Nothing but an exact reprint of the records is to be returned.

Short descriptive text snippets -

━━━━━━━━━━━━━━━━━━━━

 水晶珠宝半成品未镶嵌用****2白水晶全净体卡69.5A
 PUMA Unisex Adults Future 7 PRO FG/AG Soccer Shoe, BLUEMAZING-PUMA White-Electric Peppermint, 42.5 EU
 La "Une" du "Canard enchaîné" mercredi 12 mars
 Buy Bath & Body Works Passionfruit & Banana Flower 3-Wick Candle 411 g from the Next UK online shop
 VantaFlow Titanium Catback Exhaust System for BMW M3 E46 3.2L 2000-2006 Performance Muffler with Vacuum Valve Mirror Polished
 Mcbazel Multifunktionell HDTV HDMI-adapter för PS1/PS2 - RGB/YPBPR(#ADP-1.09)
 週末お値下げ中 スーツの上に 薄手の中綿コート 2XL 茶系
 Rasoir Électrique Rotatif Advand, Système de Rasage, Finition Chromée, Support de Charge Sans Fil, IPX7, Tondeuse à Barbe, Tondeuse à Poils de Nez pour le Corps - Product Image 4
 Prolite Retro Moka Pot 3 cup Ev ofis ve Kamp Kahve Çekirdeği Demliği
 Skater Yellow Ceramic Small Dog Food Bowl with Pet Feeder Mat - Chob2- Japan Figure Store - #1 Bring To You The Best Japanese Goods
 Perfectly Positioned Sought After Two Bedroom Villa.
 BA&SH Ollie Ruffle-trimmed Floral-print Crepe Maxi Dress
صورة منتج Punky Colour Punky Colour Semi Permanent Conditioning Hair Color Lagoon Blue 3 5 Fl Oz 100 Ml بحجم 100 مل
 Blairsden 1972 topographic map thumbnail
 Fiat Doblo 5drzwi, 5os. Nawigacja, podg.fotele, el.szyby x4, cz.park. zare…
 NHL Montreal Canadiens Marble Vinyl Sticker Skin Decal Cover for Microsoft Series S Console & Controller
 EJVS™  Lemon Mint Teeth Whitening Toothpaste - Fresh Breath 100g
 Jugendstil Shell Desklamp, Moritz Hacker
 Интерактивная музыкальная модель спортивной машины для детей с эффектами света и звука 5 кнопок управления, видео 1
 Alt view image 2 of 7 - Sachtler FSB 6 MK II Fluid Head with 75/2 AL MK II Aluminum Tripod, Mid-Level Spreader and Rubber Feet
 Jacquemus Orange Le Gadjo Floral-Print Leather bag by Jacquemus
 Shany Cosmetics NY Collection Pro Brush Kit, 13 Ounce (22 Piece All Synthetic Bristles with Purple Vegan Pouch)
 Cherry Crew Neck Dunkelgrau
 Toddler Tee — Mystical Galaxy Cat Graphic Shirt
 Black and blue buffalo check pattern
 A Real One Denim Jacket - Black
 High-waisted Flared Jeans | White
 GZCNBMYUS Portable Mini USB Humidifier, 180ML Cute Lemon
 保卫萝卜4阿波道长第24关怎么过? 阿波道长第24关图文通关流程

━━━━━━━━━━━━━━━━━━━━

Exercise solution -
 水晶珠宝半成品未镶嵌用****2白水晶全净体卡69.5A
 PUMA Unisex Adults Future 7 PRO FG/AG Soccer Shoe, BLUEMAZING-PUMA White-Electric Peppermint, 42.5 EU
 La "Une" du "Canard enchaîné" mercredi 12 mars
 Buy Bath & Body Works Passionfruit & Banana Flower 3-Wick Candle 411 g from the Next UK online shop
 VantaFlow Titanium Catback Exhaust System for BMW M3 E46 3.2L 2000-2006 Performance Muffler with Vacuum Valve Mirror Polished
 Mcbazel Multifunktionell HDTV HDMI-adapter för PS1/PS2 - RGB/YPBPR(#ADP-1.09)
 週末お値下げ中 スーツの上に 薄手の中綿コート 2XL 茶系
 Rasoir Électrique Rotatif Advand, Système de Rasage, Finition Chromée, Support de Charge Sans Fil, IPX7, Tondeuse à Barbe, Tondeuse à Poils de Nez pour le Corps - Product Image 4
 Prolite Retro Moka Pot 3 cup Ev ofis ve Kamp Kahve Çekirdeği Demliği
 Skater Yellow Ceramic Small Dog Food Bowl with Pet Feeder Mat - Chob2- Japan Figure Store - #1 Bring To You The Best Japanese Goods
 Perfectly Positioned Sought After Two Bedroom Villa.
 BA&SH Ollie Ruffle-trimmed Floral-print Crepe Maxi Dress
صورة منتج Punky Colour Punky Colour Semi Permanent Conditioning Hair Color Lagoon Blue 3 5 Fl Oz 100 Ml بحجم 100 مل
 Blairsden 1972 topographic map thumbnail
 Fiat Doblo 5drzwi, 5os. Nawigacja, podg.fotele, el.szyby x4, cz.park. zare…
 NHL Montreal Canadiens Marble Vinyl Sticker Skin Decal Cover for Microsoft Series S Console & Controller
 EJVS™  Lemon Mint Teeth Whitening Toothpaste - Fresh Breath 100g
 Jugendstil Shell Desklamp, Moritz Hacker
 Интерактивная музыкальная модель спортивной машины для детей с эффектами света и звука 5 кнопок управления, видео 1
 Alt view image 2 of 7 - Sachtler FSB 6 MK II Fluid Head with 75/2 AL MK II Aluminum Tripod, Mid-Level Spreader and Rubber Feet
 Jacquemus Orange Le Gadjo Floral-Print Leather bag by Jacquemus
 Shany Cosmetics NY Collection Pro Brush Kit, 13 Ounce (22 Piece All Synthetic Bristles with Purple Vegan Pouch)
 Cherry Crew Neck Dunkelgrau
 Toddler Tee — Mystical Galaxy Cat Graphic Shirt
 Black and blue buffalo check pattern
 A Real One Denim Jacket - Black
 High-waisted Flared Jeans | White
 GZCNBMYUS Portable Mini USB Humidifier, 180ML Cute Lemon
 保卫萝卜4阿波道长第24关怎么过? 阿波道长第24关图文通关流程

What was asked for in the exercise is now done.